Paylaşılan bu bilgilerin ardından kayıp yakınları ve insan hakları savunucuları üzerinden 28 buçuk yıl geçen katliamda yaşamını yitirenler ile diğer tüm kayıp ve faili meçhul siyasi cinayetlere kurban gidenler için 1 dakikalık oturma eylemi yaptı.

28 YILDIR HABER YOK

Batman’da da yine kayıp yakınları ve İHD Şube üyeleri, 510’uncu haftasına ulaşan eylemleri için Gülistan Caddesi’ndeki İnsan Hakları Anıtı önünde toplandı. "Kayıplar bulunsun, failler yargılansın" yazılı pankart ile kayıpların fotoğrafının taşındığı eylemde İHD Şube Eşbaşkanı Devran Yıldız konuştu.  

90’lı yıllardaki OHAL döneminde binlerce insanın faili meçhul cinayetlerle yaşamını yitirdiğini, gözaltında kaybedildiğini hatırlatan Yıldız, gözaltında kaybedilenlerden birinin 24 Mart 1994’te Batman’da kaçırıldıktan sonra kendisinden bir daha haber alınamayan Zeynel Kürsep olduğunu söyledi. 

 Yıldız, Zeynel Kürsep’in kaybedilme öyküsünü baba İbrahim Kürsep’in ağzından şu sözlerle aktardı:  “Oğlum Zeynel Kürsep, 24 yaşındaydı ve evliydi. 24.03.1994 tarihinde rahatsızlandı, muayene olmak için Batman Devlet Hastanesine gitmişti. Muayene olduktan sonra,  hastaneden çıkarken yanına bir araba yaklaşmış. Arabadan inen sivil giyimli, silahlı 2 şahıs tarafından zorla arabaya bindirilip kaçırılıyor. Olayı öğrenir öğrenmez, yetkili makamlara başvuruda bulundum. Ancak başvurularım yanıtsız kaldı. Ailece, kendi imkânlarımızla araştırmalar yaptık. - Dünyamız başımıza yıkılmıştı. Bir taraftan en değerli varlığım olan oğlumu kaybetmiştim; diğer taraftan da gencecik gelinimin kaygılı bekleyişine ve eşinden haber alamadığımız için gelinimin yüzüne bakamıyordum. Gece gündüz hep aradım. Gördüğüm her kişiyi durdurup oğlumu görüp görmediklerini sordum.

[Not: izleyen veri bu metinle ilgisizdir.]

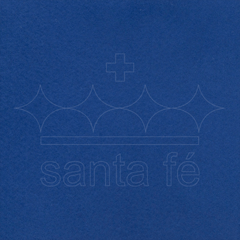 Feltro Santa Fé - Azul Noite (0,50m)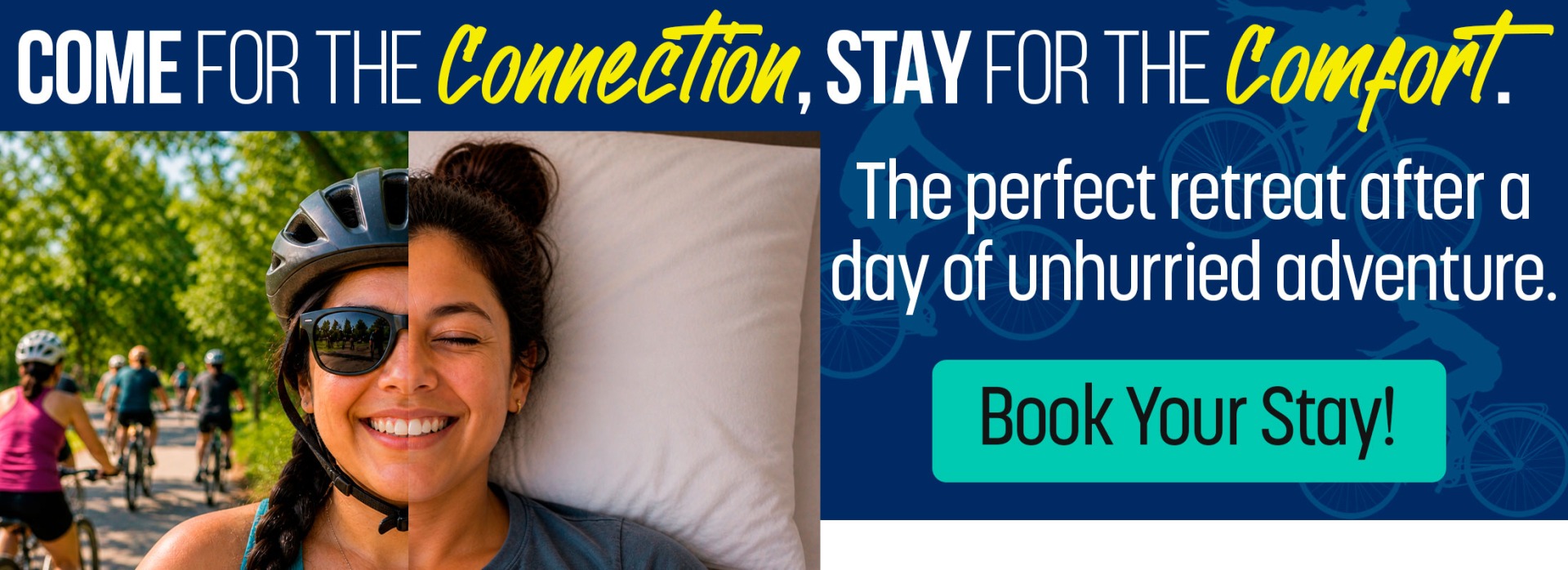 Book your stay
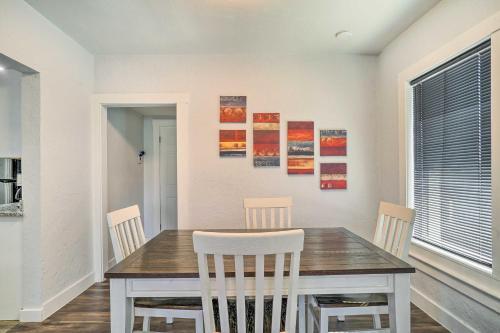 Charming And Quaint El Paso House With Backyard!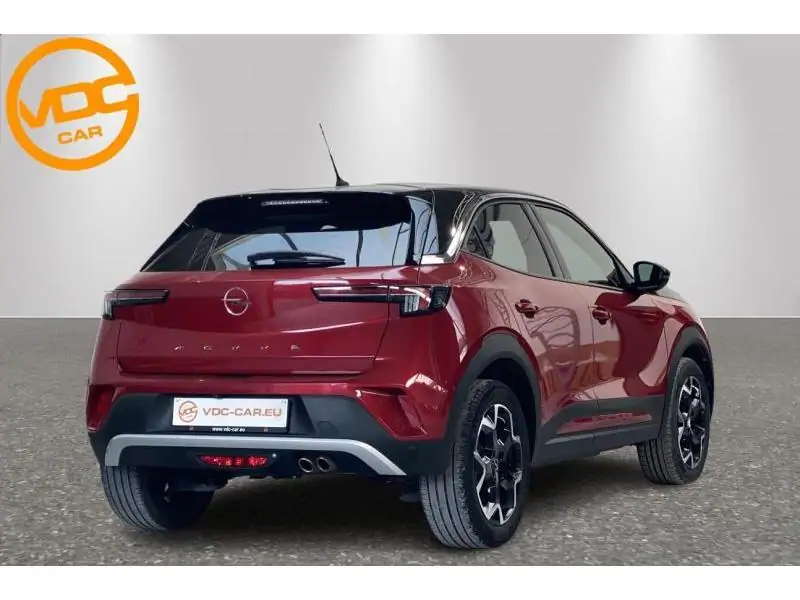 Occasion Opel Mokka Ultimate - FULL - AUTOMAAT RED 3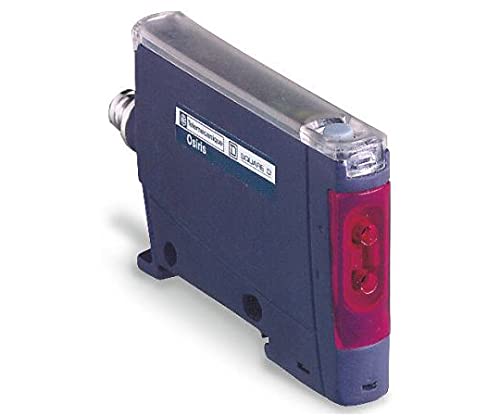Telemecanique Sensors Sensor fotoeléctrico XUDA1NSML2, XUD, precableado, PVC, NPN, estado sólido discreto
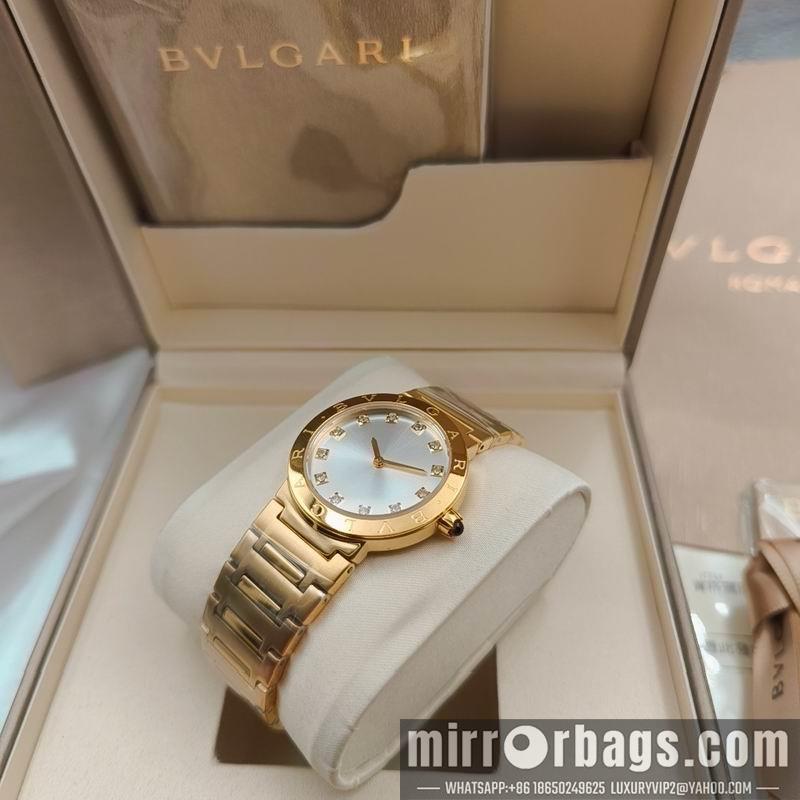 Replica Bvlgari 33mm 022225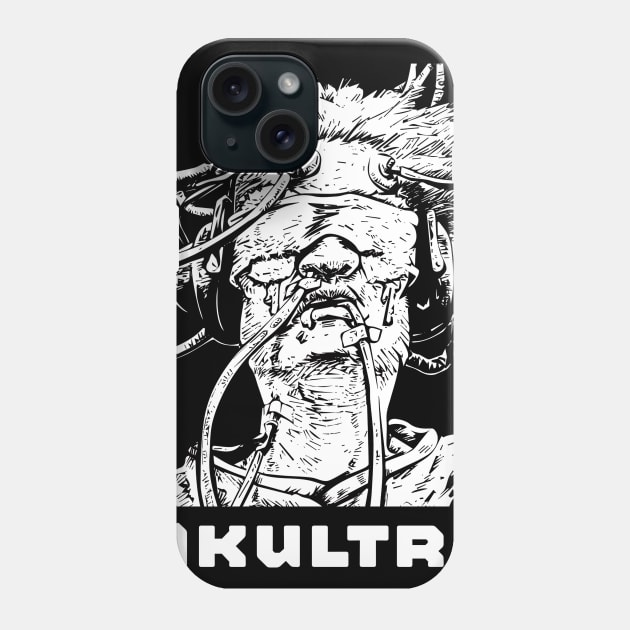 MK Ultra Phone Case by RossHayes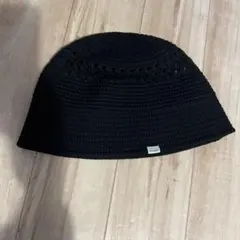 override バケットハット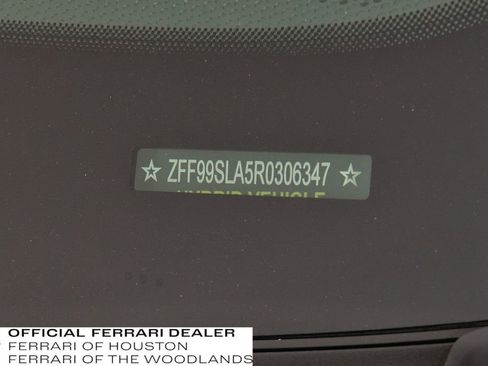 Used 2024 Ferrari 296 GTB image 38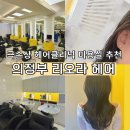헤어클리닉 | 의정부미용실 추천 [리오라 헤어 의정부점] 극손상모발 헤어클리닉 후기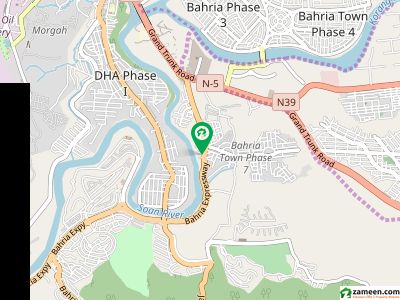 Urgent Sale: 10 Marla Plot For Sale In Phase 7 Bahria Town- Prime Location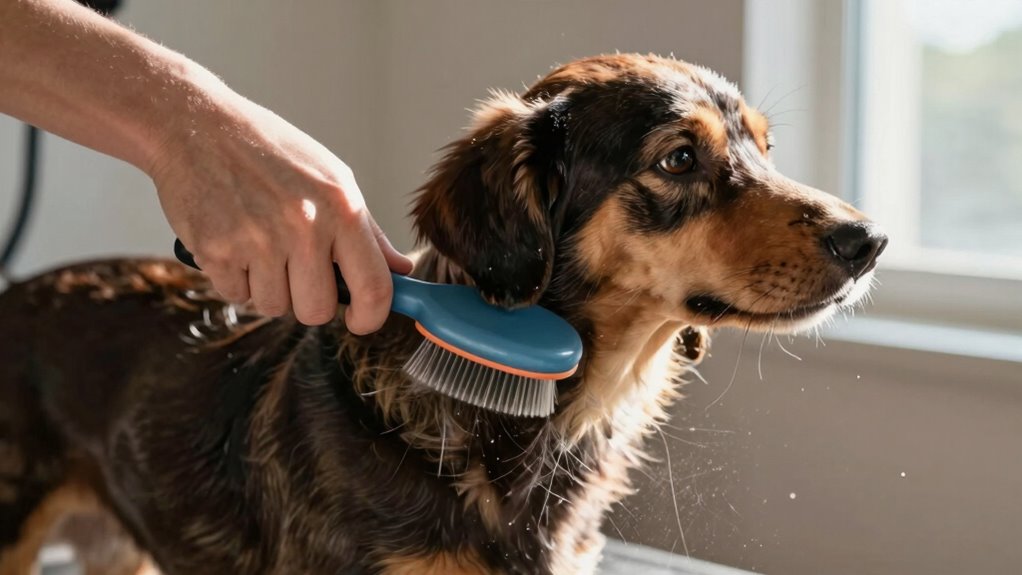 effective shedding control technique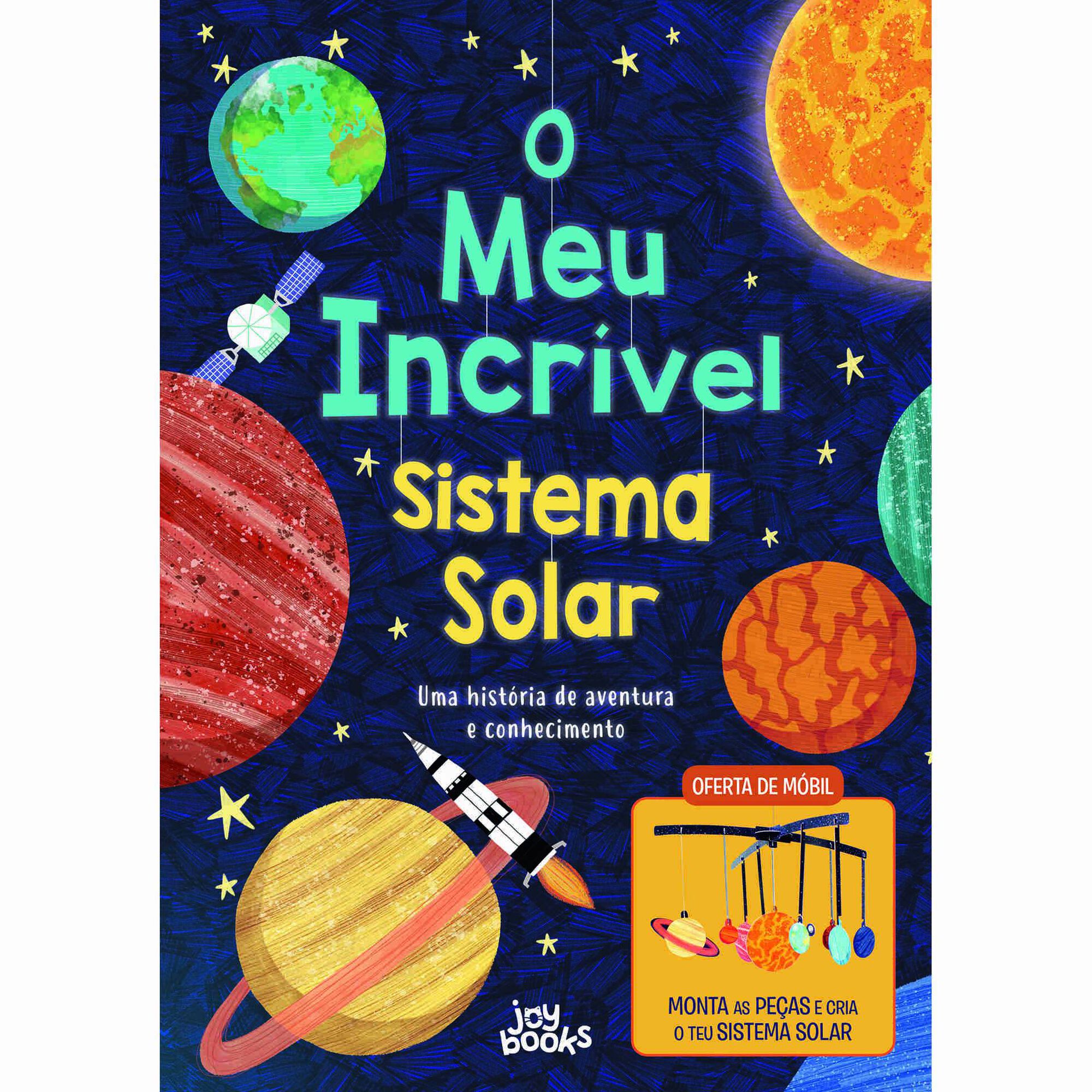 O Meu Incrível Sistema Solar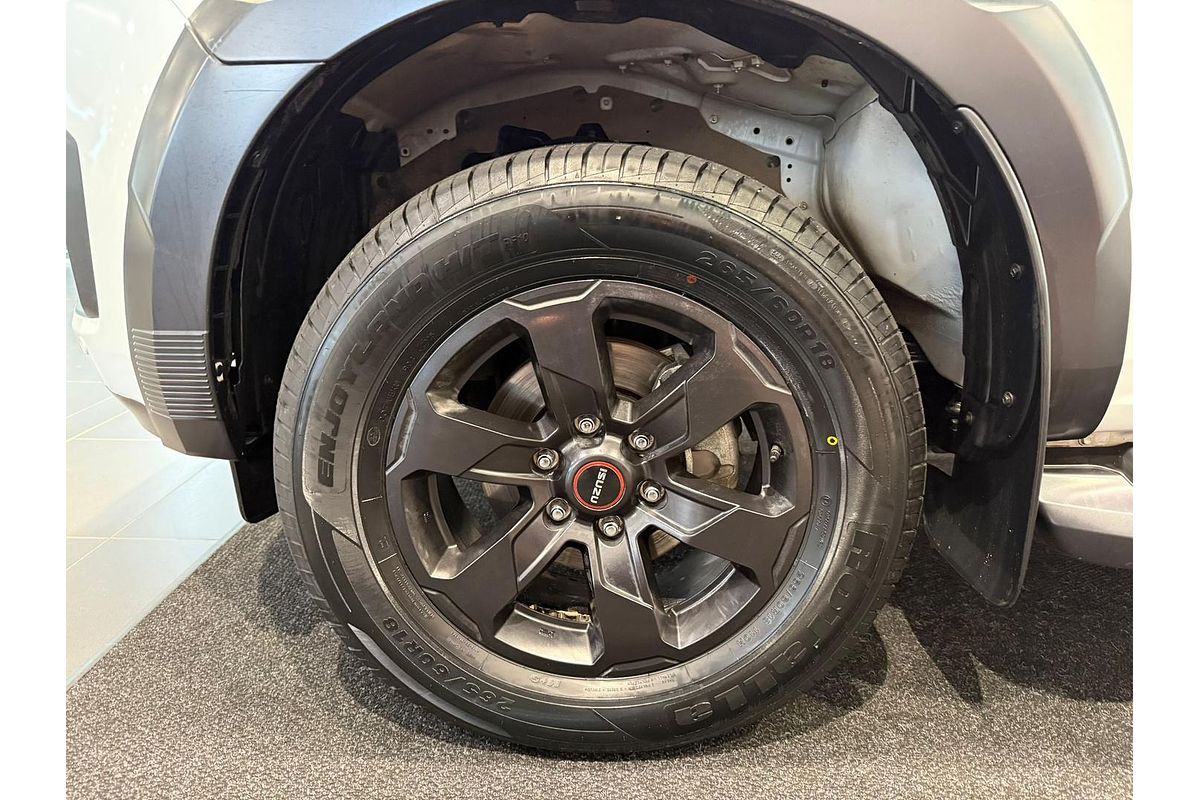 2024 Isuzu D-MAX X-TERRAIN 4X4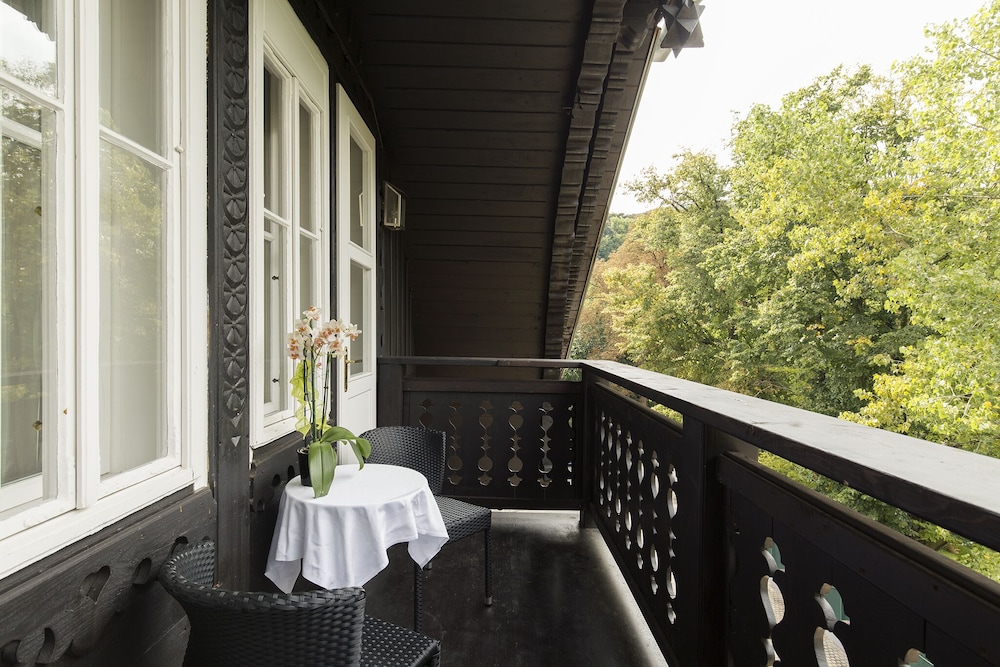 

Milano - Baden bei Wien - Hotel Sacher Baden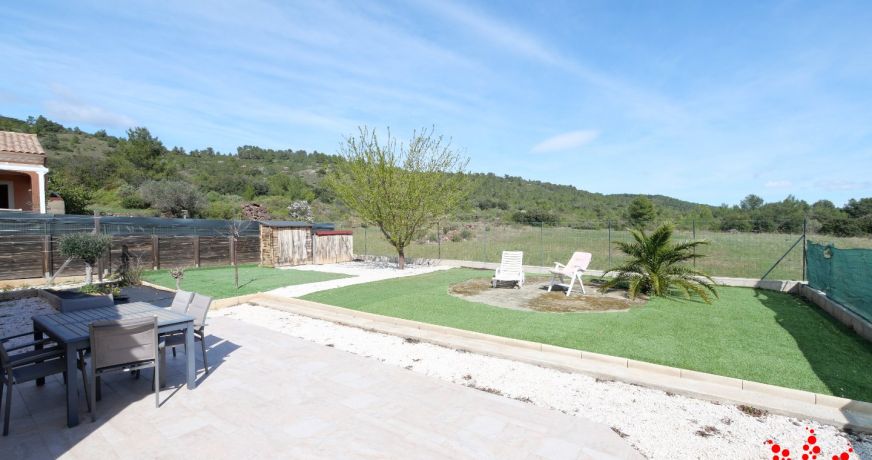 vente Villa Cebazan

Aradan 5-6 gün geçmişti. Batman merkezinde Çocuk Şube Müdürlüğüne yakın bir evde bulunan sığınakta tutulduğunu ve daha sonra, Batman dışına çıkarılıp başka sığınaklarda alıkonulduğuna dair bilgiler aldım. Bundan sonra, Batman dışında çocuğumu aramaya başladım. Aradan 8 ay geçtikten sonra, -kaçırılıp sonradan serbest bırakılan - bir şahıs bana gelip: ‘Oğlunla aynı sığınakta beraberdik’ dedi.

Bu haber üzerine, yaşlı halimle ve elimdeki bilgilerle yeniden aramalara başladım.1996 yılında evimize gelen bir telefonda; oğlumun, Silvan ilçesine bağlı Susa köyünde bir sığınakta tutulduğunu söylediler. Silvan’a gittim ve oradaki yetkili makamlara başvuruda bulundum. Adres belirttim. Ama oradan da bir netice alamadım.

‘KAPIMIZI ÇALACAK DİYE BEKLİYORUM’

Aradan çeyrek asır gibi bir zaman dilimi geçti halen umudumu yitirmiş değilim. Oğlum bir gün kapımızı çalacak diye bekliyorum. Tabi ki bu benim umudum. Oğlumun kemikleri dahi bulunsaydı biraz rahatlardım. Hiç olmazsa ziyaret edeceğim bir mezarım olurdu.”

İHD Şube Eşbaşkanı Yıldız, o günden beridir aramadık yer bırakmayan baba İbrahim Kürsep’in, acılarının çok büyük olduğunu, oğullarının akıbetini merak ettiklerini ve sorumluların biran önce belirlenip, faillerin adalet önünde hesap vermelerini umduklarını dile getirdi. 

‘VAZGEÇMEYECEĞİZ!’

Gözaltında kayıplara karşı mücadele yürütenler olarak hakikat adına, adalet adına, vicdan ve insanlık onuru adına mücadelelerinden asla vazgeçmeyeceklerini vurgulayan Yıldız, sözlerini “Bizlerden koparılan canlarımızın hesabını sormaya devam edeceğimizi, kalbimizden, bedenimizden, ruhumuzdan kopartılarak kaybedilen kayıp insanlarımız bulununcaya ve failler yakalanıp cezalandırılıncaya dek bu eylem ve etkinliklerimizden asla vaz geçmeyeceğimizi buradan bir kez daha yineliyoruz” diyerek sonlandırdı.